2) Incident Diagnosis and Response
While unmistakable examination given by network observation and danger identification devices can respond to the inquiry "what occurred," episode conclusion investigation address the subject of "why and how it occurred." To respond to those inquiries, programming applications and stages fueled by AI can inspect past informational indexes to discover main drivers of the occurrence by glancing back at change and oddity pointers in the organization exercises. On the off chance that the episode investigation finds a framework weakness (rather than vindictive abuse), prescient examination could give bits of knowledge on results of such openness. When the reasons for an episode are recognized, prescriptive examination can be utilized to react to the occurrence dependent on suggestions to contain and kill the reasons for the occurrence for all time. These suggestions can cover a wide scope of uses shifting from making explicit moves, change in methodology, and reception of new techniques or cycles. These proposals could likewise incorporate the need to assemble better digital danger insight ending up at ground zero – from knowledge to observation and recognition, to conclusion/reaction and back to knowledge once more.
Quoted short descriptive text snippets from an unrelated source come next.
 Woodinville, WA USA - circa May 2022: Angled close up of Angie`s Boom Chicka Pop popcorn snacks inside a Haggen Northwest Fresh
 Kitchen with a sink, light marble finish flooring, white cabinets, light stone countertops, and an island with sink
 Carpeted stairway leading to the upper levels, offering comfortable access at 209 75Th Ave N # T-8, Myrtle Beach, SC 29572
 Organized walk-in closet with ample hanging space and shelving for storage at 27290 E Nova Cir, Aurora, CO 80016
3) Cyber Threat Intelligence Reports
Consistently, currently understaffed network safety experts routinely face great many assaults on their frameworks and the malware keeps on filling in speed, numbers, and intricacy. This digital reality has produced an over-burden of data that is trying to gather, put together, and break down. Artificial intelligence arrangements have been conveyed to help digital danger examiners and address the issue of data over-burden and current information. These arrangements incorporate open-source AI controlled assortment apparatuses that accumulate information on explicit digital dangers or weaknesses on the Internet. The data can be arranged and summed up or even be the subject of a report completely composed by an AI program through regular language handling. In this day and age, an assortment of business ventures have taken on comparable AI instruments to compose news stories, web-based media posts, legitimate briefs, and banking reports. The network protection industry likewise takes advantage of comparable devices to produce robotized digital danger insight reports (CTI). Digital danger insight reports give the markers and early admonition important to more readily screen uncommon exercises on a given organize and identify all the more quickly digital dangers.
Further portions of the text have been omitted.